И подлинно въ веществѣ краснорѣчїя, всево трудняе избавиться надутїя. Ибо во всѣхъ вещахъ естественно ищемъ мы великости; такъ случается, что бояся паче всего быть обвинены сухостью или малосилїемъ, случается, не знаю какъ, что по большей части впадаютъ въ сей порока, будучи основаны на семъ установленїи.
Однако ето подлинно, что надутїе не меньше порочно въ рѣчи, сколько въ тѣлѣ. Оно только ложно блистающуюся наружность и обманчивой видъ имѣетъ; а внутри оно пусто, и оставляетъ иногда дѣйствованїе во всѣмъ противное великости. Ибо очень хорошо говорится, что нѣтъ ни чево суше человѣка имущаго водяную болѣзнь.
На послѣдокъ порокъ надутаго склада, есть желать превзойти великость. А отъ того на противъ становится онъ складомь рабяческимъ. Ибо нѣтъ ничего толь низкаго, толь малаго, ни толь много супротивляющагося благородству рѣчи.
Что жъ ето такое, которое рабяческимъ складомъ называется? ясно, что не иное что, какъ мысль ученика, которая отъ того, что она натянута, будетъ холодна. Сей порокъ есть тѣхъ, въ который впадаютъ устремляющїяся всегда сказать нѣчто чрезвычайное и сїяющее; а особливо тѣ, которыя съ излишнимъ попеченїемъ ищутъ забавнаго и приятнаго: отъ того на конецъ гораздо много прилѣпляяся къ фигурному складу, впадаютъ въ глупое притворство.
Есть еще третїй порокъ супротивляющїйся совершенно великости, касающїйся до патетическаго. Ѳеодоръ называетъ ево жаромъ не во время, когда разгорячиваются не къ стати, или возносятся съ излишествомъ, когда обстоятельство позволяетъ только посредственно разгорячиться.

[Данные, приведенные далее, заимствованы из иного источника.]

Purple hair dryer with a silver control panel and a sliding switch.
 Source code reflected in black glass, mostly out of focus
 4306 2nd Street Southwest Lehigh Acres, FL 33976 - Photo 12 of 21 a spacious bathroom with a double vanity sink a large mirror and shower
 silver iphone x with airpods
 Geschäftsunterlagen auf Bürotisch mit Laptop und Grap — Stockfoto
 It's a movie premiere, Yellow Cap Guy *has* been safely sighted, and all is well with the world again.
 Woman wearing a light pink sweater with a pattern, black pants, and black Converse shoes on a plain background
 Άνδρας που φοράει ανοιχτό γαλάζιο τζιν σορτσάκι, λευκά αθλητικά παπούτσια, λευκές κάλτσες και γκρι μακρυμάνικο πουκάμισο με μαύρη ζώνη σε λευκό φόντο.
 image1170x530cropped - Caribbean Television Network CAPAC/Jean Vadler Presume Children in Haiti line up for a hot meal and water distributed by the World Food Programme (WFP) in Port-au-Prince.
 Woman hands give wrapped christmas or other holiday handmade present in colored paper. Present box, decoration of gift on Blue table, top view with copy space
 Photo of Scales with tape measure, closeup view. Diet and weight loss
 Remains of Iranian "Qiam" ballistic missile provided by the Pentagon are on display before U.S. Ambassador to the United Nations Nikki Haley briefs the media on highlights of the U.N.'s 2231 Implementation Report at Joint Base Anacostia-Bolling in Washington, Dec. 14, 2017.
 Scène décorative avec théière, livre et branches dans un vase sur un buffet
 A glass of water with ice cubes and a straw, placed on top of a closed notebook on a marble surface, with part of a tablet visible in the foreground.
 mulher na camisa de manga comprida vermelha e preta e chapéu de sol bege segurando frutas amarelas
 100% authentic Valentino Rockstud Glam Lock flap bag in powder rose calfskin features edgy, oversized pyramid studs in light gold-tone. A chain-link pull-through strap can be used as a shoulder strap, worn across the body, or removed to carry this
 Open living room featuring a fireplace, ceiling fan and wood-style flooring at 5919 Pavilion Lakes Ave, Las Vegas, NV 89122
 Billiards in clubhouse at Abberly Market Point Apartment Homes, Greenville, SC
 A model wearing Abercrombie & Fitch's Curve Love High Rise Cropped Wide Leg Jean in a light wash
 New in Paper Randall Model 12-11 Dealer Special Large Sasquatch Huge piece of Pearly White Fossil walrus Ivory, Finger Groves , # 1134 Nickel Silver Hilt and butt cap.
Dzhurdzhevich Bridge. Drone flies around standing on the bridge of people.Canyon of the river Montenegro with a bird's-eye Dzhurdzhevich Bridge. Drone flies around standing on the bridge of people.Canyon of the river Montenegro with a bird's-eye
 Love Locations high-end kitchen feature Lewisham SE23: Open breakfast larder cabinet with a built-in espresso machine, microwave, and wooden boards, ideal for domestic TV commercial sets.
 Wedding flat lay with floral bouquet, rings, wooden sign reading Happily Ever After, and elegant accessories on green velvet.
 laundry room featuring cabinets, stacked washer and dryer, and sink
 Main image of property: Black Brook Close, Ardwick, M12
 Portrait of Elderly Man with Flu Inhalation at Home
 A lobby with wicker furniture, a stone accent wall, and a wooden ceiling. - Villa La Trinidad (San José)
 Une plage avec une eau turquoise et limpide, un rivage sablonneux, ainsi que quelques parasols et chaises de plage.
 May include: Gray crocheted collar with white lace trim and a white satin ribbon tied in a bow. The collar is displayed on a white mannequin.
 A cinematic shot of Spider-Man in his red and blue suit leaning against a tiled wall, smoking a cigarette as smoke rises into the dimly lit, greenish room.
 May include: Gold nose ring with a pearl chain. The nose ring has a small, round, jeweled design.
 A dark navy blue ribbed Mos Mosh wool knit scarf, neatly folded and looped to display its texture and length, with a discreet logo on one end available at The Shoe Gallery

Дѣйствительно, очень часто видимъ вѣщателей рѣчей, которыя, какъ пьяныя, допускаютъ себя возносить къ страстямъ непринадлежащимъ къ ихъ обстоятельству, но къ тѣмъ, которыя имъ свойственны, и которыя они съ собою изъ школы вынесли; и отъ того, что они будто нетрогаемы тѣмъ, что говорятъ, бываютъ на конецъ отвратительны и несносны. Сїе непремѣнно къ тѣмъ приходитъ, которыя возносятся и ломаются не къ стати, предъ людьми, которыхъ они тронуть не могутъ.